The voltage meter you were using has a very, very high input impedance; something over 1000 Megohms. When you connect it between the neutral, and the floating piece of wire running in the same romex with the neutral and the hot (that you thought was grounded, but wasn't), you form a circuit with the input to the voltmeter in series with the capacitance between the floating wire and the hot wire in the romex; this series combination is placed across the 120V voltage between the neutral and the hot. Even though this capacitance is on the order of picofarads (a millionth of a millionth of a Farad, the unit of capacitance), you still measure a significant voltage across it, since the impedance of the voltmeter is also very high.
You can put one lead of the voltmeter at ground, and the other on your finger, and if you're in an area with a strong electric field, you could see the same voltage level. it really doesn't mean anything, and is just the result of the voltmeter's ability to measure voltage sources with extremely high impedances.
Plain old floating ground. If the ground is disconnected it will tend to "float" somewhere between 0 and 120, usually near the middle.
Another possibility is that one of the devices plugged into a 3-wire receptacle in the garage had leakage current to it's case, that was then available on the ungrounded ground wire. This leakage current could exist whether the device was turned on or not.
This possibility seems more likely to me than the floating ground measured with a high impedance meter idea. It's easy to test though. Just unplug everything in the garage or turn off the breaker and see if the 42v goes away. If it is stray capactive pickup like Barry says, you will still read some tens of volts (because the breaker does NOT disconnect the neutral).
If on the other hand my theory is right, the voltage will drop to essentially zero with either maneuver. ( And if you SEQUENTIALLY unplug the garage devices, you will find out which device was producing the current. ) If I am right, it was a potentially dangerous situation, as someone elsewhere in the garage remote from the damaged device could have gotten a 42 v shock (say touching the wall plate screws on a switch while turning on the water spigot).

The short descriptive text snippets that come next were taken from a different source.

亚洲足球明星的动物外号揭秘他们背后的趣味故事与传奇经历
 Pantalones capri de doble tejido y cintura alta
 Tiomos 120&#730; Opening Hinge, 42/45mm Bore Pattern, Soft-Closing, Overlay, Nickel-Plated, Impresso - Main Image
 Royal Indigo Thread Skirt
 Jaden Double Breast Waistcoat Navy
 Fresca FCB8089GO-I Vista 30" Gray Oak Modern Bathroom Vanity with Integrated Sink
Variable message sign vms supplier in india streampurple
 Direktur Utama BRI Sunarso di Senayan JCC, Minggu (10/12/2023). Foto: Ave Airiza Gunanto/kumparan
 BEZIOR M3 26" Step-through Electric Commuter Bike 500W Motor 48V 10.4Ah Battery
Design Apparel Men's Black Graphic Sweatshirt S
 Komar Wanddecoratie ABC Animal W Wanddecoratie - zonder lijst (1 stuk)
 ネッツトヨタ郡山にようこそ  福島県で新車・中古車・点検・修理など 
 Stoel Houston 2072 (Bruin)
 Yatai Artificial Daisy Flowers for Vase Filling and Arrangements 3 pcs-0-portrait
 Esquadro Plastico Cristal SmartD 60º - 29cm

Since the problem has already been masked by replacing the wiring, you cannot actually carry out these tests (without going back to the panel and lifting the ground). Just to be safe though, I would suggest testing the leakage current on any devices that were connected to the garage power.
Rick
Generally if there is a leak to "ground" on an ungrounded circuit the "ground" will be at essentially 120V. OTOH, it's not at all unusual to see 40-50V on a "floating" wire, with enough current to light a neon tester and register on a high-impedence voltmeter (such as any cheap electronic meter).In any event, the "ground" isn't, and, unless everything's protected by a GFCI, is a major code violation.
> This possibility seems more likely to me than the floating ground
> measured with a high impedance meter idea. It's easy to test though.
> Just unplug everything in the garage or turn off the breaker and see
> if the 42v goes away. If it is stray capactive pickup like Barry
> says, you will still read some tens of volts (because the breaker does
> NOT disconnect the neutral). If you flip the breaker the "ground" will likely go to near zero, since there is then no 120V in the romex to capacitatively couple to the ground wire.